Wednesday, 23 November 2022

Prime Time: The Counsellor (2013)

After all of these years hearing about The Counsellor, about how awful and bonkers it is, I finally got around to watching it. It is certainly bonkers, but it's also consistently entertaining throughout, simply giving viewers a great combination of a director and cast having fun with material that always seems poised to go in a dozen different directions at any one time.

Written by Cormac McCarthy, best known for writing the novels that both No Country For Old Men and The Road were based on, this is the tale of a counsellor (obviously) who decides to get involved with a potentially-lucrative drug deal.
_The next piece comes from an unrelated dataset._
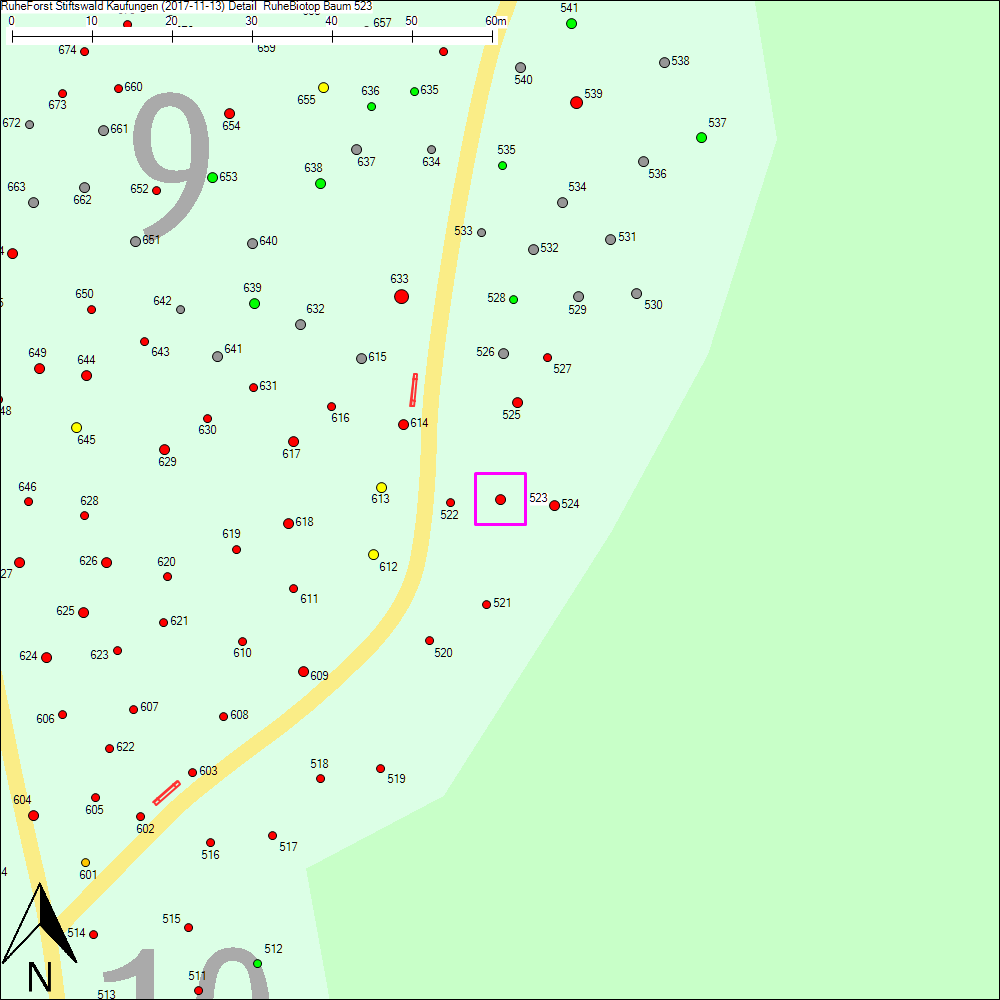 Detailkarte zu Baum 523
Things don't go according to plan, however, and the counsellor soon finds out that some actions can never be undone. He had been warned by people around him, but he assumed that there weren't any risks. How wrong he was.
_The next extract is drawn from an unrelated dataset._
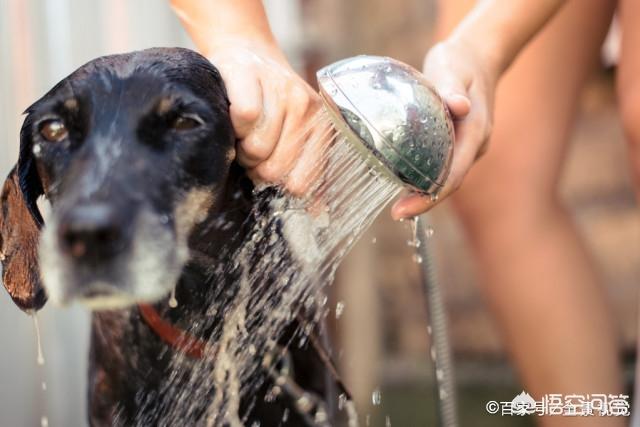 我做女犬的开心日子无弹窗:把狗狗养得很好的女生，你觉得她们有着怎么样的美好品质？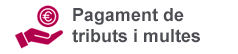 BannerPagamentTributsMultes2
Directed by Ridley Scott, this is a wild ride that clocks in with a runtime just shy of two hours. It doesn't need to be that long, a 90-minute movie would probably have worked just as well, but there's nothing here that isn't either intriguing or visceral and brilliant. I wanted to rewatch this as soon as the end credits started rolling. Although sometimes messy, it's always ready to show you something nasty in the most cinematic way possible, whether that is by keeping certain elements offscreen to make everything more palatable or by showing you some imagery that feels like it hasn't been depicted in movies before.
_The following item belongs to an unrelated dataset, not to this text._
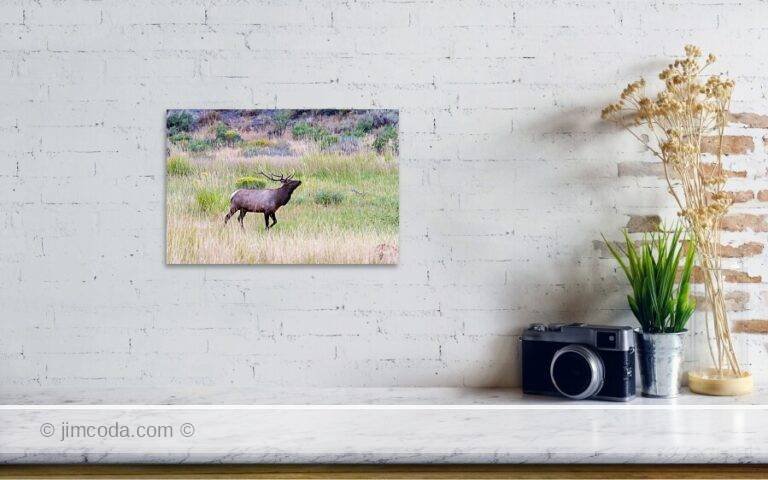 Fine art photo print example in living room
It also helps that the cast are very game in their performances, with Cameron Diaz seeming to have the most fun she's had in a long time, playing a character who is always a number of steps ahead of the other main characters around her. She's also involved in the weirdest and wildest scene in the film, as Javier Bardem's character watches her "make love" to his car windscreen, and I have to give kudos to her for committing to a script with that moment in it. Bardem is hilarious in that moment, as well as being fairly amusing in many of his other scenes. Fassbender plays the titular counsellor, excellent at being all cool and confidence until things start to unravel, and Penélope Cruz is perfectly fine in the rather thankless role of his unwitting partner, Laura. Brad Pitt has a decent little role, someone who is also involved in the drug deal, but who seems much more aware of the high stakes, and there are excellent moments for Rosie Perez, Sam Spruell, Richard Brake, and some other familiar faces.

I can't quite explain why I loved this so much though. The script isn't great, not in terms of the actual dialogue anyway, and the randomness detracts from what should have been a coiled spring of a dark thriller, but it all worked. Maybe my low expectations helps (I try to keep things balanced, but it's difficult when a film has a solid reputation already, good or bad), or maybe the majority of people just didn't recognise this for the slice of brilliance that it is. Yeah, it must be that. There's no other possible explanation. I'm not sure I would recommend this to others, but I hope some people give it a chance, and maybe they'll unexpectedly love it as much as me.